While the DOC originally denied the request, specifically citing an inability to require masks be worn to enter the event, changes to the public safety plans made the government feel comfortable allowing the event to continue.
Changes included having law enforcement outside to monitor conditions, cleaning crews sanitizing surfaces and guards counting the amount of people inside the facility. In addition, the executive order requires staff at these events to all wear masks. Couch said he instructed all his staff members to wear masks unless they had a religious or health exemption.
The DOC does not handle enforcement of these protocols, according to department spokesperson Alex Clark. The executive order leaves enforcement up to law enforcement agencies across the state. Horry County Police Spokesperson Mikayla Moskov said one arrest was made at the bar for disorderly conduct on Friday. No other citations and warnings were given for social distancing violations.
“Weekend crowds were apparent, but dispersed by 11 p.m. when the establishment closed,” Moskov said, adding that officers made walkthroughs of the property at their discretion and wore masks when directly interacting with the public but not while directing traffic.
While SBB is a biker bar, calling it an event venue would likely be more accurate. There is ample outdoor space on the property with a giant stage featuring live music all evening. In total the state allows SBB to have 2,945 people on three acres of property.
Couch said at its peak on Friday, about 2,000 people were on property, according to the people monitoring entrances and exits.
As hundreds of unmasked people entered and exited the SBB property, it was a challenging task to accurately keep count of how many people remained inside. The amount of people enjoying the evening made keeping at least 6 feet distance also difficult in many open outdoor areas.
One could count on their hands the amount of masks visible among the hundreds of people sipping drinks and smoking outside. In covered areas where merchandise was sold, masks were also not worn. Even fewer were wearing masks properly, with some including people having them hanging off their face or around their neck.
Most people had a drink in their hand as they walked around the property.
South Carolina has no statewide mask mandate, but SBB was still under the requirements of Horry County’s local ordinance requiring face coverings indoors and by staff members. Masks are not required to be worn outdoors while eating or drinking, however, in Horry County.
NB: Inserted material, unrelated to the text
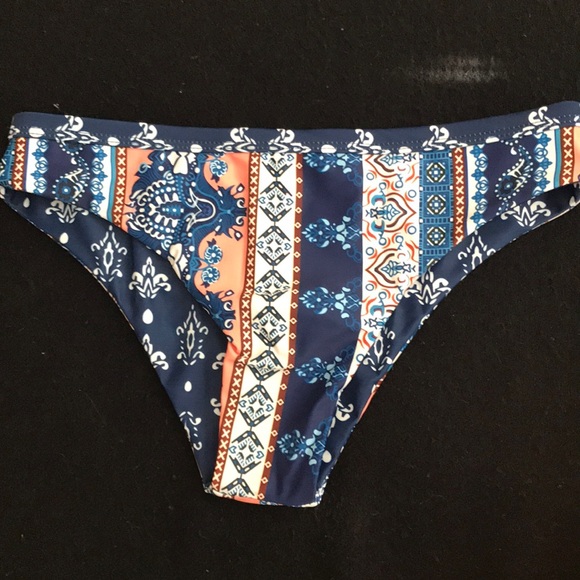 Ornate Pattern Bikini - Picture 2 of 7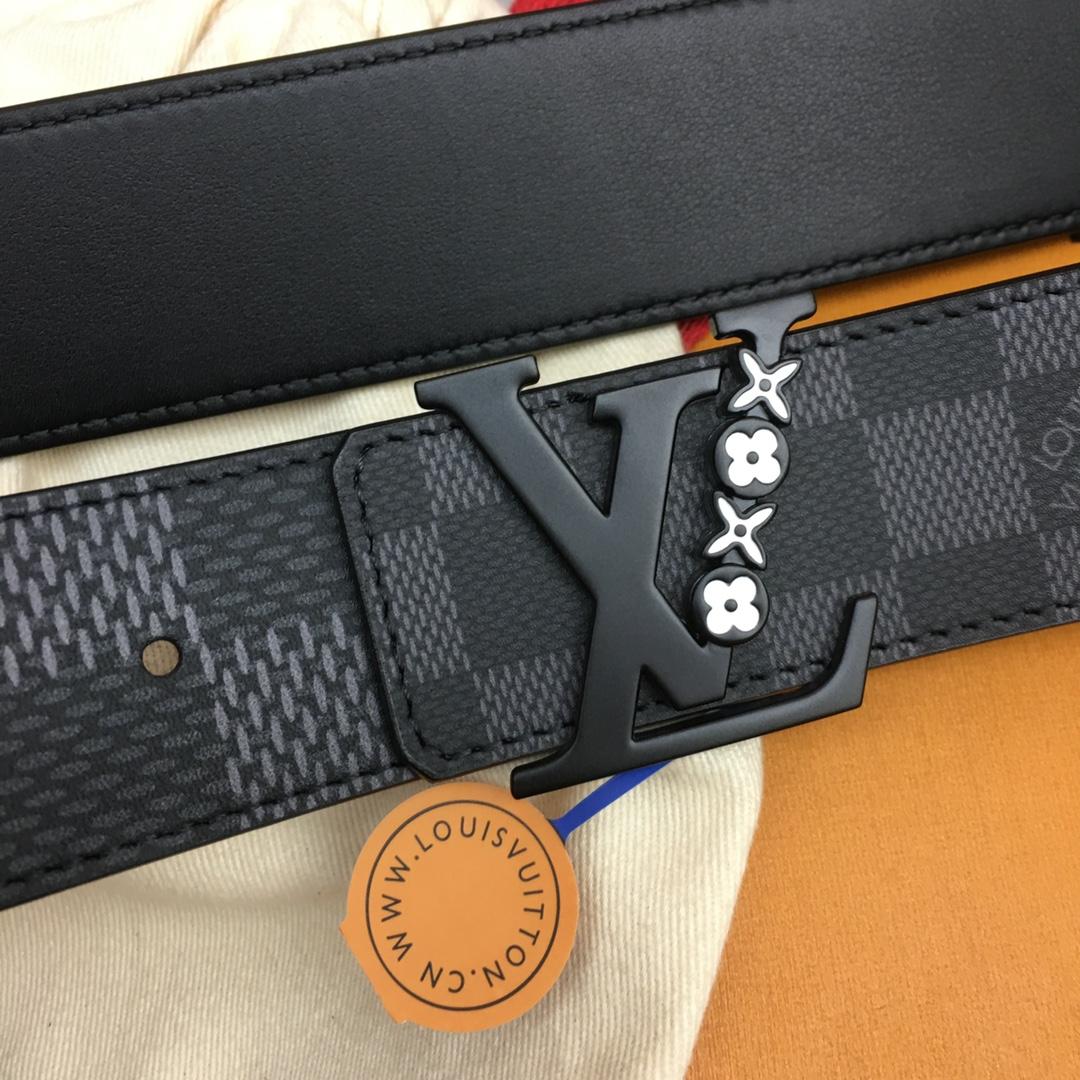 Louis Vuitton 40mm Reversible Belt - DesignerGu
In addition, McMaster's executive order also requires masks be worn by patrons and employees at events more than 250 people unless there is a religious or health exemption, engaging in a physically demanding task, communicating with someone hard of hearing or if they are consuming food or beverages.
The South Carolina Department of Health and Environmental Control asks everyone to wear masks in public and to maintain 6 feet distance. In addition, public health experts warn that cheers and shouting can increase the odds of spreading the virus.
Attendees of any large events are encouraged to get tested for the virus. A list of available testing sites can be found on DHEC’s website.
Couch believes this week's events will not draw the same controversy as the concert over the summer where photos of the event went viral and drew condemnation from a member of the South Carolina statehouse.
And this time both Horry County and South Carolina signed off on the event moving forward. He believes his bar and employees upheld their end of the agreement with the government.
"We follow the rules. We got our proper permits from Horry County and the Department of Commerce. We are following the guidelines they gave us," Couch said. "I don't expect any negative feedback at all."